- **Problem statement**: Print exactly the lines from the one containing "ul. KOMENSKÉHO - tehlový" through the last line of the entries below; the pictures stay out of the copy.

──────────

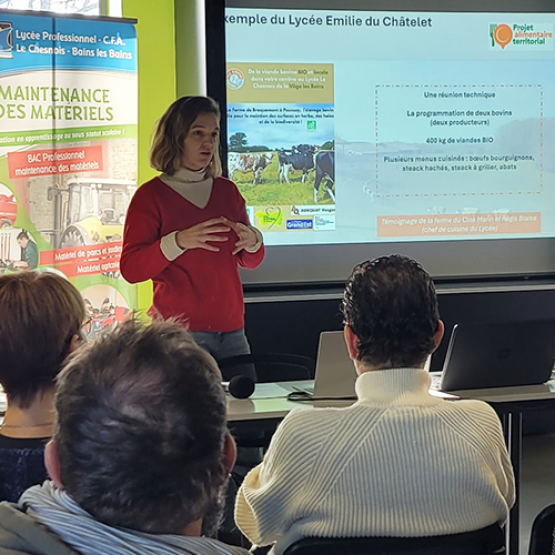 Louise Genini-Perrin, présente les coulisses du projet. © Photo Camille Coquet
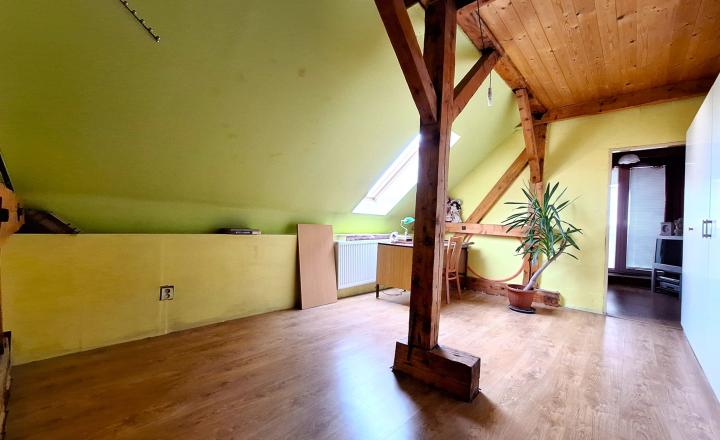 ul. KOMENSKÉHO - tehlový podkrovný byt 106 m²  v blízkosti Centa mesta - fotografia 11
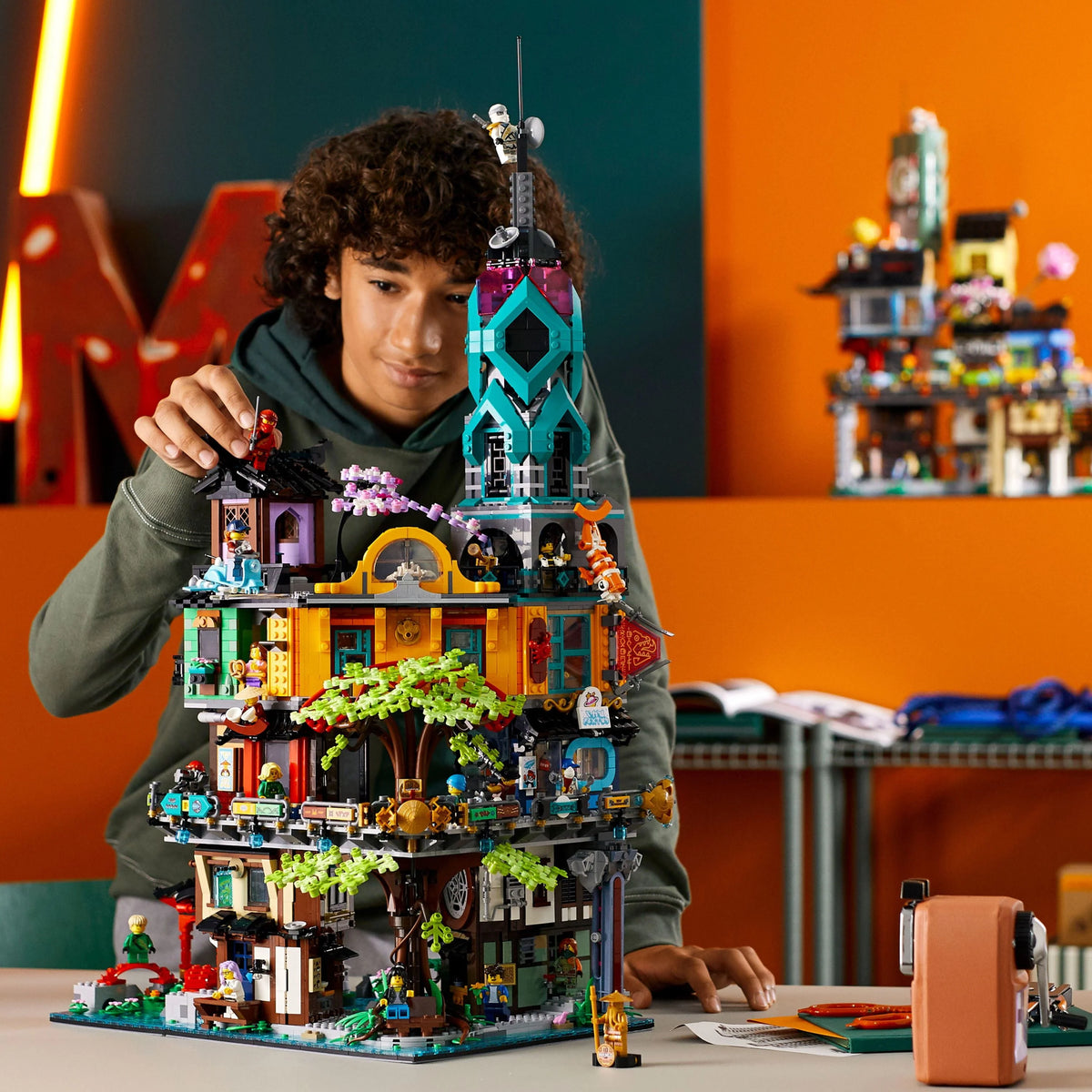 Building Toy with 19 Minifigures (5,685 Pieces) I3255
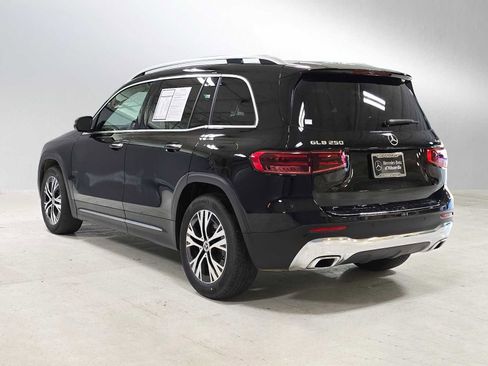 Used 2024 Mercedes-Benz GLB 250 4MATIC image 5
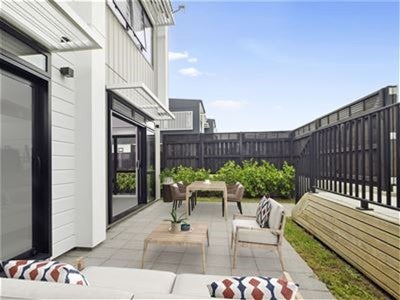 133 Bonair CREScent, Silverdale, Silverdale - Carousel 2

──────────

- **Task answer**:
 ul. KOMENSKÉHO - tehlový podkrovný byt 106 m²  v blízkosti Centa mesta - fotografia 11
 Building Toy with 19 Minifigures (5,685 Pieces) I3255
 Used 2024 Mercedes-Benz GLB 250 4MATIC image 5
 133 Bonair CREScent, Silverdale, Silverdale - Carousel 2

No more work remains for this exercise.